Toda política que divide el mundo en “campos” opuestos, entendiendo a quienes no está en el mismo “campo” como un enemigo, como un actor ilegítimo, se inserta en una corriente de autocratización de la democracia.
Convivir con el otro – o aceptarlo en la convivencia – es ser capaz de dialogar con él. La democracia (en el sentido “fuerte” del concepto) es una capacidad de diálogo amistoso que surge en el ejercicio de la conversación en la plaza (queriendo decir, en el espacio público), que puede ser perfeccionado a punto de generar aquello que Pierre Levy (1994) comparó, en “La inteligencia colectiva”, con “un coral polifónico improvisado”. Según Levy, en contraposición a los sistemas de convivencia en que se enuncian proposiciones monótonas, repeticiones de palabras de orden en manifestaciones y argots de identidad de militantes del mismo partido, la democracia puede tomar como modelo el coral polifónico improvisado:
“Para los individuos el ejercicio es especialmente delicado, pues cada uno es llamado al mismo tiempo a escuchar los otros coristas; a cantar de modo diferenciado; a encontrar una coexistencia armónica entre su propia voz y a de los otros, o sea, mejorar el efecto de conjunto.

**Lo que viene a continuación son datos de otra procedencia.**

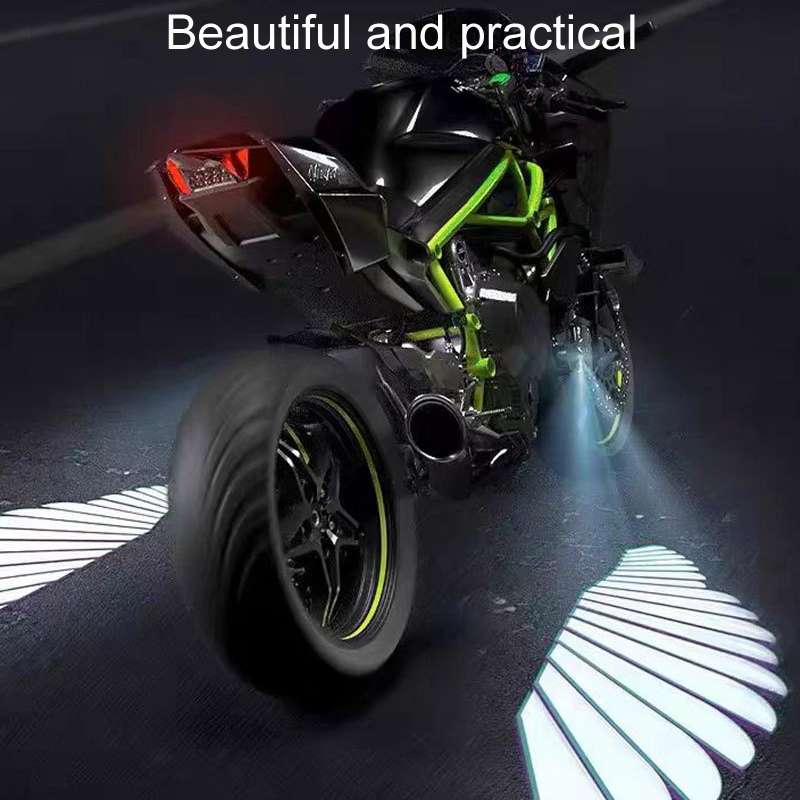 1pair Motorcycle Angel Wings Welcome Light LED Chassis Modified Wings Projector Light(Red)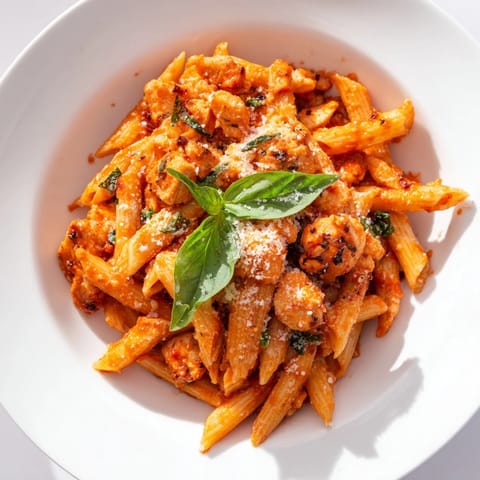 A close-up of finished Tomato Basil Chicken Pasta, with steam rising and rich red sauce coating every piece of short pasta.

Es necesario, por lo tanto, resistir a los tres “malos atractores” que incitan los individuos a cubrir la voz de sus vecinos, cantando demasiado fuerte, a callarse, o a cantar en unísono.
En esa ética de la sinfonía, el lector habrá percibido las reglas de la conversación civilizada, de la cortesía, o del savoir-vivre – lo que consiste en no gritar, en no repetir lo que ellos acaban de decir, en responderles, en intentar ser pertinente e interesante, llevando en cuenta la práctica de la conversación...

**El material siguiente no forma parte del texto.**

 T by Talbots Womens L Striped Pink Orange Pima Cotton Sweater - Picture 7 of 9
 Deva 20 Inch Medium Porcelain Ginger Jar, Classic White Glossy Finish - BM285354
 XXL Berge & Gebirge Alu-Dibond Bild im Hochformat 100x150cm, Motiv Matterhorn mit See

Esa nueva democracia podría asumir la forma de un gran juego colectivo, en lo cual ganarían (pero siempre provisoriamente) los más cooperativos, los más urbanos [o con más civilidad], los mejores productores de variedad consonante...

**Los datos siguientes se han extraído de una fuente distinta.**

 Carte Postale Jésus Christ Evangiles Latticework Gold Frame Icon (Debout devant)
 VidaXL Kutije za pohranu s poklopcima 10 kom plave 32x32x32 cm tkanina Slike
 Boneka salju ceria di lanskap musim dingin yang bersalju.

Y no los más hábiles en asumir el poder, en sofocar la voz de los otros o en captar las masas anónimas...” (3).

Indicaciones de lectura

Para comenzar, sería bueno leer algunos textos importantísimos, de Hannah Arendt (c. 1950), compilados por Ursula Ludz como fragmentos en las “Obras Póstumas” (1992): ¿Que es la política?
También sería muy importante leer, por lo menos, dos textos de Humberto Maturana: con Gerda Verden-Zöller, Amor y Juego: fundamentos olvidados de lo humano – desde el Patriarcado a la Democracia (1993) y La Democracia es una Obra de Arte (s./d.)

Notas

(1) Cf. Arendt, Hannah (c. 1950). ¿Qué es la política? (Frags. de las “Obras Póstumas” (1992), compilados por Ursula Ludz). Río de Janeiro: Bertrand Brasil, 1998.
(2)Cf. Maturana, Humberto & Verden-Zöller, Gerda (1993). Amor y Juego: fundamentos olvidados de lo humano – desde el Patriarcado a la Democracia. Santiago: Editorial Instituto de Terapia Cognitiva, 1997.
(3) Levy, Pierre (1994). La inteligencia colectiva. Por una antropología del ciberespacio. São Paulo: Loyola, 1998.